Przyznajemy się bez bicia: okładka dzisiejszego ''Faktu'' nas po prostu zachwyciła. Co za styl, świeżość i oryginalność pomysłu! A na pierwszej stronie brukowca królują pazerni działacze sportowi, bokser burżuj oraz wichrzyciele z NFZ. Okładkę w stylu mrocznych lat PRL-u redaktorzy ''F'' postanowili zadedykować politykom. Stylizacja jest tak urzekająca, że pozwolimy sobie na kilka cytatów.
O Dariuszu Michalczewskim: ''Przodownik rewolucji sportowej winien być przykładem dla młodzieży. Ale Dariusz Michalczewski, lat 40, wolał zmarnować ok. 120 milionów złotych''. Na kobiety, dodajmy. O Piotrze Adamczyku, który przyszedł na bal z narzeczoną: ''Artysta planuje założyć rodzinę - podstawową komórkę społeczną, której wagę docenia socjalistyczna władza. Trochę szkoda, że wybrankę prezentuje wśród burżuazyjnego blichtru''. O urzędnikach z NFZ: ''Ustrój jest dobry, ale ludzie słabi''. A wszystko dzięki Jerzemu Szmajdzińskiemu, który otworzył narciarski stok.
Na tym tle ''Superak'' wypada blado. Jedyną ciekawą informacją jest historia przyjaźni, którą zabił... papier toaletowy . Jedna pani drugiej pani wytoczyła prawdziwą wojnę w Rudzie Śląskiej z powodu rolek papieru, znikających w tajemniczych okolicznościach. Podejrzewamy, że maczał w tym palce pewien jaskiniowiec z Tarnowskich Gór .
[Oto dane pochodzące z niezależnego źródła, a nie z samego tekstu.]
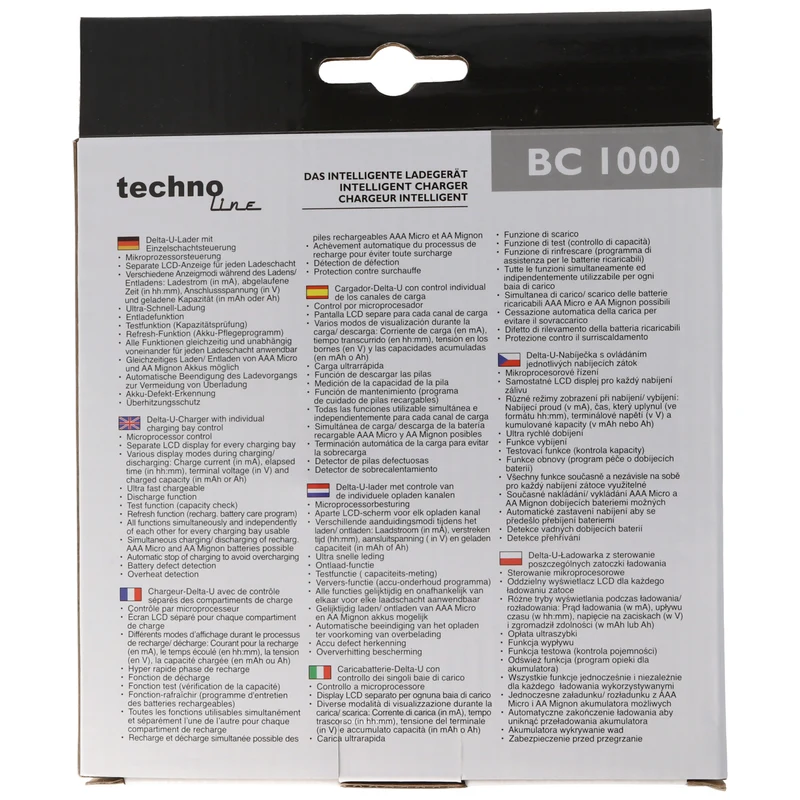 Technoline BC 1000 Akku-Ladegerät blau mit Panasonic eneloop Standard AA Mignon Akkus HR-3UTGB und AccuCell Akkubox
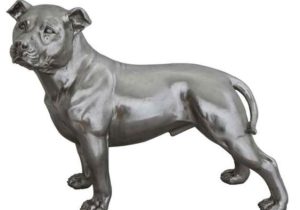 Bulldog - Standing Bulldog Design - Silver Finish Statue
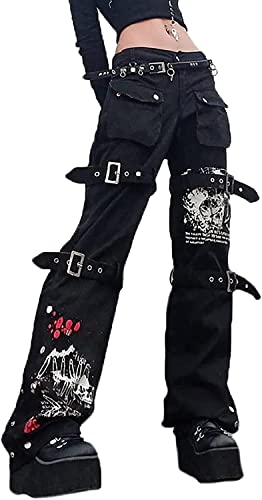 Vagbalena Damen Cargo Jeans Wide Leg Punk Lose Hose Wide Leg Denim Jeans Gothic Lose Jeans Retro Ästhetische Hose mit Taschen (Stil 1,S) von Vagbalena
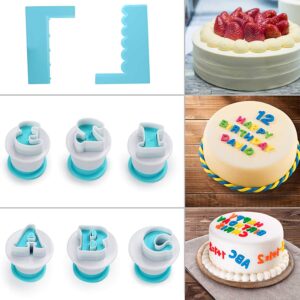 FANGSUN 36 Pieces Alphabet & Numbers Fondant Cake Mold, Cookie Stamp Impress, Embosser Cutter, Upper Case Numbers Shape DIY Cookie Biscuit with 2 Cake Scraper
Fot. ''Super Express'' Fot. ''Super Express'' Pani Maria - ofiara wojny o papier - Fot. ''Super Express''
Rubik odwiózł swoją żonę do domu. Uznaliśmy to wydarzenie za sensację, skoro ''Superak'' umieszcza informację o nim na pierwszej stronie.
Stawialiśmy na Dariusza Michalczewskiego, ale tę walkę wygrał Andrzej K. z Nowogardu. Jak donosi ''Super Express'' mężczyzna ''tak bardzo kochał swoją dziewczynę, że aby się do niej dostać, ukradł szefowi auto''. Miał je potem oddać, ale szef był szybszy. Policja zatrzymała Andrzeja K. w domu dziewczyny. ''Złodziej upił się z żalu, bo mimo ogromnego poświęcenia - narzeczona go rzuciła''. To się nazywa pech.
Bokser burżuj odnosi jednak pyrrusowe zwycięstwo. ''Już nie mam milionów (...) Wyszalałem się w życiu. Znalazłem piękną dziewczynę, nie upijam się i nie robię awantur'' - powiedział ''Faktowi''. Gratulujemy, choć milionów żal.